The Supreme Court earlier this month upheld the rights of bigots to protest in front of U.S. soldiers’ funerals.
At first glance, this sounds like in reality an absolutely horrible decision, but it merely reinforces the vital American principle of free speech.
It also reminds us that if we want to uphold the positive aspects of the First Amendment, we cannot stifle the negative.
An appellate court had ruled in favor of the father of a fallen Marine who sued Kansas pastor Fred Phelps of Westboro Baptist Church for leading a protest that “intentionally inflicted emotional distress” at his son’s funeral, but the Supreme Court ruled overwhelmingly in favor of Phelps in an 8-to-1 decision.
With this ruling, deluded parishioners of the church can continue to hold up signs reading “thank God for dead soldiers” and “God hates fags” near military funerals.
In other words, they can spew hateful rhetoric against a grieving nation and abuse their First Amendment rights by pushing disgusting messages onto society.
Rulings like this, however, are nothing new. A case in the ‘70s ended in victory for neo-Nazis who used their First Amendment rights to march through the streets of Chicago.
If we want to protect our right to speak for positive change we cannot stifle the misguided voices of those who use their constitutional right for negative change.
Silencing political hate groups and their divisively un-American rhetoric would be un-American in and of itself.
With this in mind, USC’s Policy on Free Expression and Dissent contains certain provisions that are disconcerting.

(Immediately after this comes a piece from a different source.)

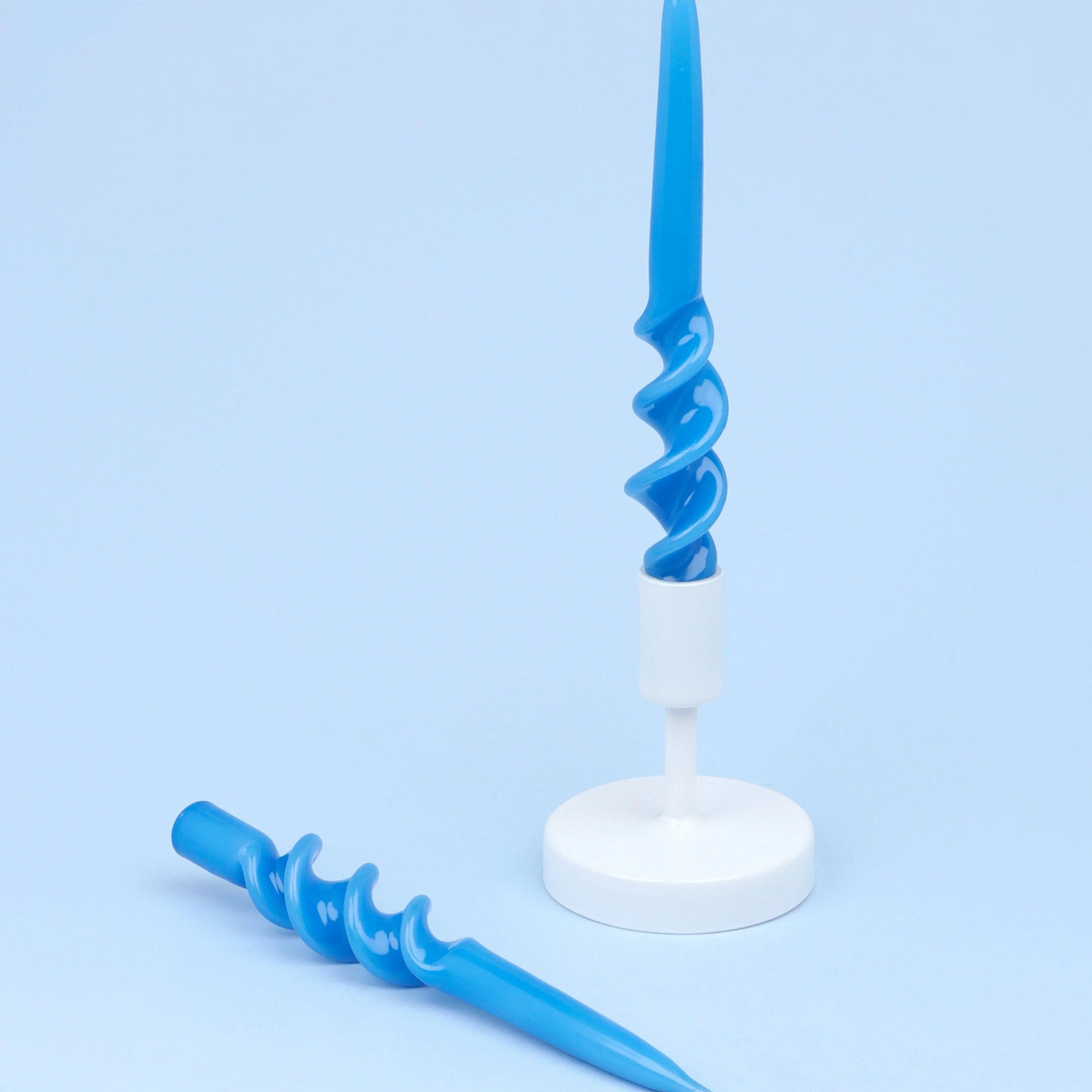 Twiselle Set of 2 Spiral Twisted Hand Dipped Dinner Baby Blue Taper Candles - G Decor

Because USC is a private, not public, institution, it is not necessarily required to adhere to the same First Amendment policy as is promoted by the Supreme Court.

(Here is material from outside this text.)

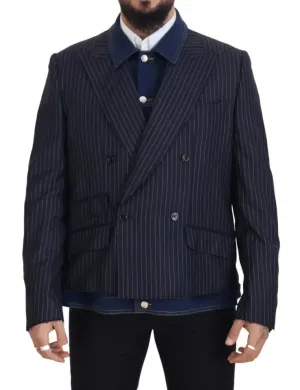 Dolce & Gabbana Blue Striped Double Breasted Denim Blazer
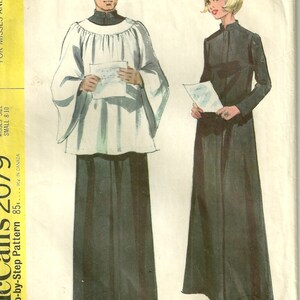 1960s Mccalls 2079 Misses Surplice and Cassock Pattern Size Small Bust ...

USC’s policy holds that free speech in the form of “coercive disruption” is not acceptable.
This includes that no student may use, according to the SCampus, “fighting words” with which “(i) the speech, considered objectively, is abusive and insulting rather than a communication of ideas and (ii) it is actually used in an abusive manner in a situation that presents an actual danger.”
Regardless of how controversial or “abusive and insulting” these words might be, taking away our right to use them is a serious restriction of the First Amendment, even if USC is a private institution.
People who invoke their right to free speech are passionate about their cause, whether it be positive or negative, and as such some of their rhetoric might not be pleasant for everyone to hear and listen to.
We are students at an increasingly prestigious university with a mission that includes free inquiry and an exploration of ideas.
Thus, we cannot continue to be subject to restrictive university policies that take away the passion and complete freedom of expression that should come on a campus that promotes such a mission.
When this passion and freedom of expression does not violate the stipulation of “reasonable time, place, and manner,” which ensures that nobody is in danger and that normal everyday proceedings are not disrupted by demonstrations, all ideas should be allowed.
Of course, as people who are tolerant of other beliefs and seek to make a positive impact on the world, we should continue to make a point of exercising our First Amendment rights in ways that spark thoughtful, peaceful discussion without resorting to the bigotry and inflammatory tactics employed by groups such as Westboro Baptist Church.
Still, the Supreme Court’s consistent protection of tactics like these emphasizes the need to allow them in order to keep our own right to peaceful protest and a respectful public expression of opinion.
Although USC is a private institution, it is a place that reflects the very best of America and the world.
We should tolerate messages that we do not necessarily agree with or support. Though these messages might disgust us and be inflammatory, we are still obligated to allow them because of the First Amendment.
The point here is to push the envelope of ideas and allow free expression of what we can be exposed to as much as possible and form our own opinions.
Continuing to allow anything less would be a disservice to our great school and its intellectually curious students, an idea of which Snyder v. Phelps reminds us.
Sarah Cueva is a freshman majoring in political science.